Mitophagy is the selective degradation of mitochondria by autophagy. It is triggered by defective mitochondria following damage or oxidative stress. Mitophagy prevents cellular degeneration caused by accumulation of dysfunctional mitochondria. NIX and its regulator BNIP3 mediate mitophagy in mammals as well as PINK1 and parkin proteins. The occurrence of mitophagy is not limited to the damaged mitochondria but also involves undamaged ones.

Microautophagy, involves the direct engulfment of cytoplasmic material and organelles, such as the peroxisome and the nucleus into the lysosome. This occurs by invagination, meaning the inward folding of the lysosomal membrane, or cellular protrusion.

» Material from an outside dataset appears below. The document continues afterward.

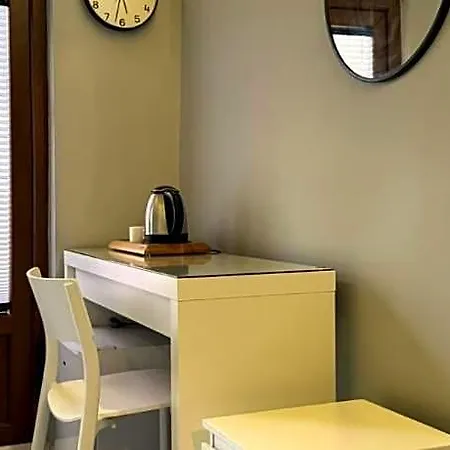 White Taksim 4* Istanbul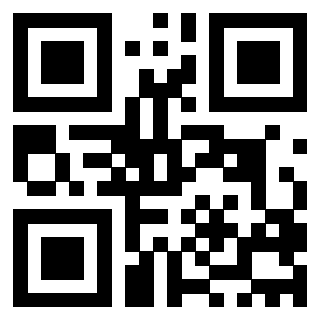3201133831 - Immagine del Qr Code associato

Chaperone-mediated autophagy differs from the other autophagic pathways as it does not involve vesicle formation but, rather, a direct translocation of a specific set of proteins across the lysosomal membrane. The cytosolic chaperone hsc70, plays a major role in target recognition and transport to the lysosom. Targeted proteins must have an amino acid sequence a with pentapeptide motif biochemically related to KFERQ in order to be bound by hsc70.


  1. Glick, Barth, Macleod: "Autophagy: cellular and molecular mechanisms." in: The Journal of pathology, Vol. 221, Issue 1, pp. 3-12, (2010) (PubMed).
  2. Levine, Kroemer: "Biological Functions of Autophagy Genes: A Disease Perspective." in: Cell, Vol. 176, Issue 1-2, pp. 11-42, (2019) (PubMed).
  3. Kim, Lee: "Autophagy--a key player in cellular and body metabolism." in: Nature reviews. Endocrinology, Vol. 10, Issue 6, pp. 322-37, (2014) (PubMed).
  4. Filomeni, De Zio, Cecconi: "Oxidative stress and autophagy: the clash between damage and metabolic needs." in: Cell death and differentiation, Vol. 22, Issue 3, pp. 377-88, (2015) (PubMed).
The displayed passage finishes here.